Fourth, international political pressure fails. The only countries willing to pressure Zimbabwe in public are England and the United States. Of course, there is the Commonwealth which has either excluded Zimbabwe or criticized Zimbabwe thus causing Mugabe to resign from the Commonwealth. Either way, lots of nice words and nothing done about it. Well, nothing accomplished. I do seem to recall that Britain offered to pay for the land taken by farmers to allow Zimbabwe to buy it, but that came to nothing and the terror and violence against the white farmers continued.

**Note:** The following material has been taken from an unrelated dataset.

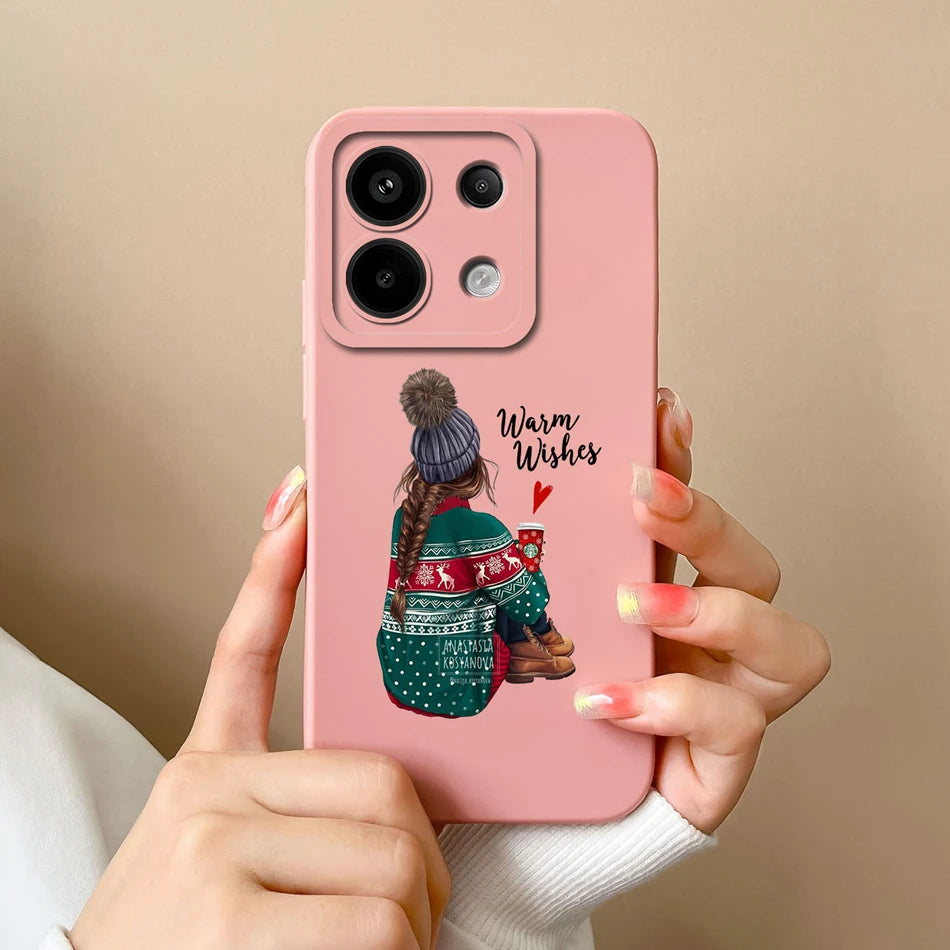 Xiaomi Poco X6 Pro Anime Silicone Case - Full Protection & Shockproof Design for Ultimate Style & Durability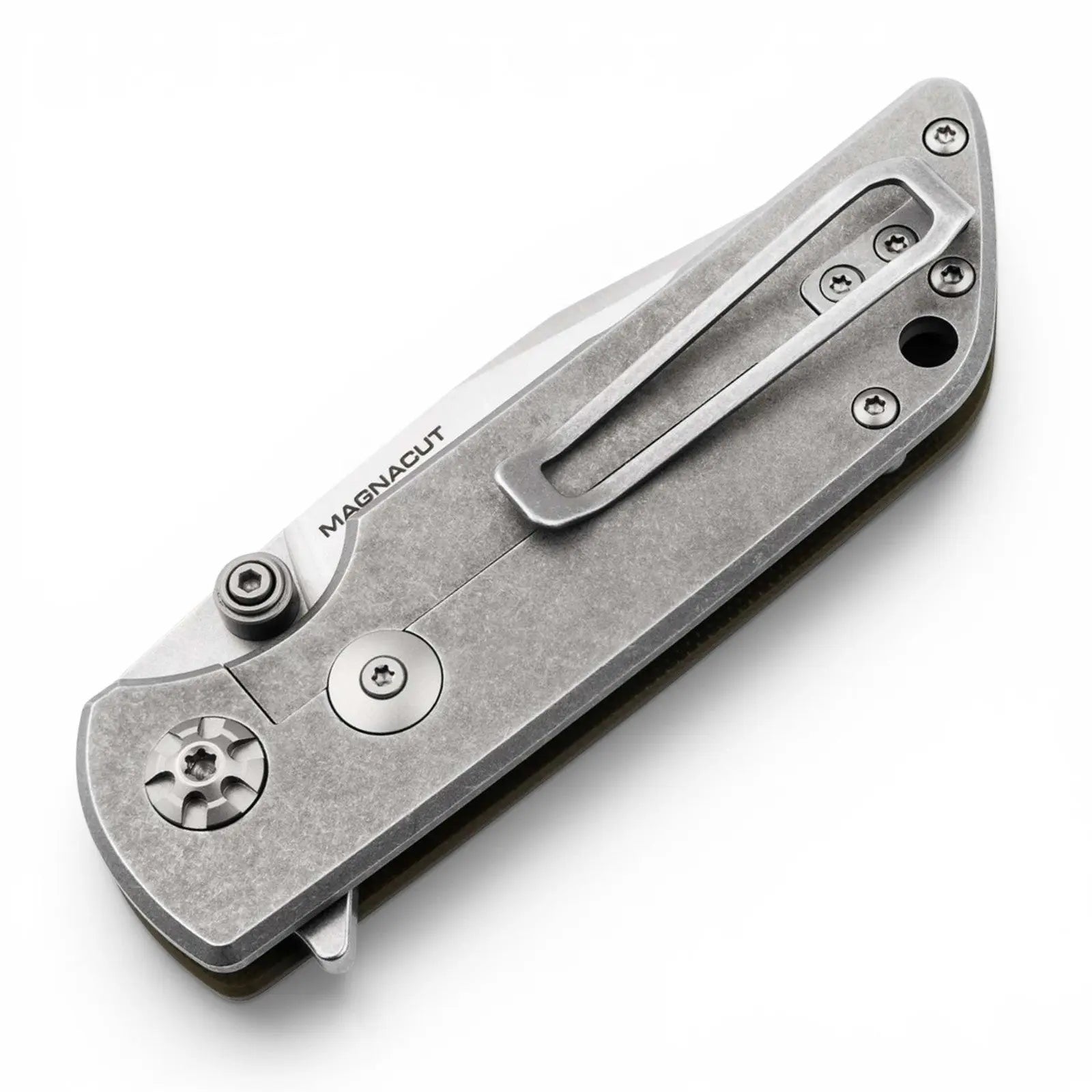 Böker Sherman EDC II - G10 OD Green - MagnaCut - Limited - GMELCH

So, here we are today. Zimbabwe on the brink of total meltdown and the government acts swiftly and decisively to preempt the crisis. How, you may ask? Well, first, "Zimbabwe's government says its economic problems have nothing to do with the land seizures and can be laid to drought and a Western plot to restore colonial rule." Did you get that? The government is the victim of an evil conspriacy and the weather. So, clearly the best thing to do is to nationalize all the remaining land.

The "government planned to take control of remaining farmland, abolishing all deeds, and turn it back to farmers under 99-year leases. Leases on wildlife conservancies would be limited to 25 years, he said, because that land is considered more valuable than farmland".

May I point out that nationalization and collectivization of farm land in the Soviet Union was a stunning triumph for the State Planning School of Economic Thought?

Here is a further complication, by the way. No deeds to the property mean no one will lend to the farmer. No title, no collateral, no lending. Simple, no?

"At present, none of those awarded portions of seized white commercial farms have title to their lands. Those peasants' inability to raise money to begin commercial farming on their own has been blamed by some for the nation's dismal harvests over the last three years." There is a fascinating book about the role property rights and of title to land in economic development by Hernando De Soto called, The Mystery of Capital.

Of course, there is another, even more sinister explanation for this move by the governing party. "The opposition party, the Movement for Democratic Change, expressed concern that state ownership of all land would merely give the government another means to exert control over the population."

Why don't more people seem to care about Zimbabwe?